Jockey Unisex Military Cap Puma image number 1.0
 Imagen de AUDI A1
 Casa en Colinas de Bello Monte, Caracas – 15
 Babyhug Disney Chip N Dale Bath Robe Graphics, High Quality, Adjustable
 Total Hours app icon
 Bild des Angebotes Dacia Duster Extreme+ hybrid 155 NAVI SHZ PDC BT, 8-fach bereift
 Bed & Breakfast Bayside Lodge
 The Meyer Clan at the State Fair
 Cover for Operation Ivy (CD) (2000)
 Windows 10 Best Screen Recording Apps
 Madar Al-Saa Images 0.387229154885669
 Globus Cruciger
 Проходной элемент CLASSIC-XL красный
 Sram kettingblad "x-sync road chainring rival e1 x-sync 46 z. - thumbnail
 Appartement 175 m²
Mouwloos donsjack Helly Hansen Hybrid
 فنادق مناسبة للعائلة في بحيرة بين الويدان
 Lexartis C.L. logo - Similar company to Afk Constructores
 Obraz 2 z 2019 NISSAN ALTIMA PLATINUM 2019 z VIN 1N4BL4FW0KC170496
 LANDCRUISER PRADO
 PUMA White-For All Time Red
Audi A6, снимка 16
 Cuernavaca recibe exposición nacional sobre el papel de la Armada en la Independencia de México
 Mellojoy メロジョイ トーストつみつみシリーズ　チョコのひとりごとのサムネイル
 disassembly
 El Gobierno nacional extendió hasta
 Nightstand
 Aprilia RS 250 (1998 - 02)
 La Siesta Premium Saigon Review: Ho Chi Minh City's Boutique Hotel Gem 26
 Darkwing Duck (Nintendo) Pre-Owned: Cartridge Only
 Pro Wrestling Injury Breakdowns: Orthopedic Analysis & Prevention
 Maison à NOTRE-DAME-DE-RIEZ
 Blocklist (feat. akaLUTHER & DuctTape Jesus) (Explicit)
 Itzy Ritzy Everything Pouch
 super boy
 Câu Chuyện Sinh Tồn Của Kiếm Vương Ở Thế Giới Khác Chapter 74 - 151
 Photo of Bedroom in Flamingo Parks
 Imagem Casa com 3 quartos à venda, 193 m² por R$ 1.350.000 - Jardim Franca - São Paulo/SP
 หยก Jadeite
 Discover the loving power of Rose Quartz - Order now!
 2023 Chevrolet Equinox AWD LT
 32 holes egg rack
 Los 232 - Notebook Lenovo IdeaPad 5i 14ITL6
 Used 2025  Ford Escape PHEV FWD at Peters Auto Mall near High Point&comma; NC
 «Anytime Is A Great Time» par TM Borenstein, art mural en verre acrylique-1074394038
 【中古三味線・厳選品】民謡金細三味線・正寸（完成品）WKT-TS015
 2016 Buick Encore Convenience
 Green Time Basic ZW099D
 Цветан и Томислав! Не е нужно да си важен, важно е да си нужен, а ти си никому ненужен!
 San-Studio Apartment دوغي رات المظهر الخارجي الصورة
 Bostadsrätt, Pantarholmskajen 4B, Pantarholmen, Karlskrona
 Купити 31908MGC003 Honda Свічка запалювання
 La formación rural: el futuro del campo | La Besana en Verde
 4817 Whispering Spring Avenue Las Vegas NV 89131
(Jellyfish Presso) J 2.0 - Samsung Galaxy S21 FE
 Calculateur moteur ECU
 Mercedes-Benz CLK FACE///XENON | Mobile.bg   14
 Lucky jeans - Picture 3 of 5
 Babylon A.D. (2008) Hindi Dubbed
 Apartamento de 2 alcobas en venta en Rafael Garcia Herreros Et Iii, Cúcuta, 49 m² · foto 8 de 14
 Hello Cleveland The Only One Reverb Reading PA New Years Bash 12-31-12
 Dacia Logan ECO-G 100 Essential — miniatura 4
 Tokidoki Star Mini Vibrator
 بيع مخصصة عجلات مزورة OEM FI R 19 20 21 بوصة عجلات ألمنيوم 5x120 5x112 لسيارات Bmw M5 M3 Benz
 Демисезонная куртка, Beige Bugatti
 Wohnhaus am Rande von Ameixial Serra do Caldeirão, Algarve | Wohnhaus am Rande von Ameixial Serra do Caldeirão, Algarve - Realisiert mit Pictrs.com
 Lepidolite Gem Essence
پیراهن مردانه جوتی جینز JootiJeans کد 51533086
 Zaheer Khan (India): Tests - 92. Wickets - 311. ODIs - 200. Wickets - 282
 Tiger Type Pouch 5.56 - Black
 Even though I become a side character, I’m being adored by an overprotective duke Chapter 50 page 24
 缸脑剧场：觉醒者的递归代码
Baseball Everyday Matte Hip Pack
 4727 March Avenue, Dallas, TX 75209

What to work on:
What should appear is an exact copy of the lines from the one with "Wohnhaus am Rande von Ameixial Serra do Caldeirão, Algarve |" through the end of the entries above, ends included, and no other text.

Answer to this task:
 Wohnhaus am Rande von Ameixial Serra do Caldeirão, Algarve | Wohnhaus am Rande von Ameixial Serra do Caldeirão, Algarve - Realisiert mit Pictrs.com
 Lepidolite Gem Essence
پیراهن مردانه جوتی جینز JootiJeans کد 51533086
 Zaheer Khan (India): Tests - 92. Wickets - 311. ODIs - 200. Wickets - 282
 Tiger Type Pouch 5.56 - Black
 Even though I become a side character, I’m being adored by an overprotective duke Chapter 50 page 24
 缸脑剧场：觉醒者的递归代码
Baseball Everyday Matte Hip Pack
 4727 March Avenue, Dallas, TX 75209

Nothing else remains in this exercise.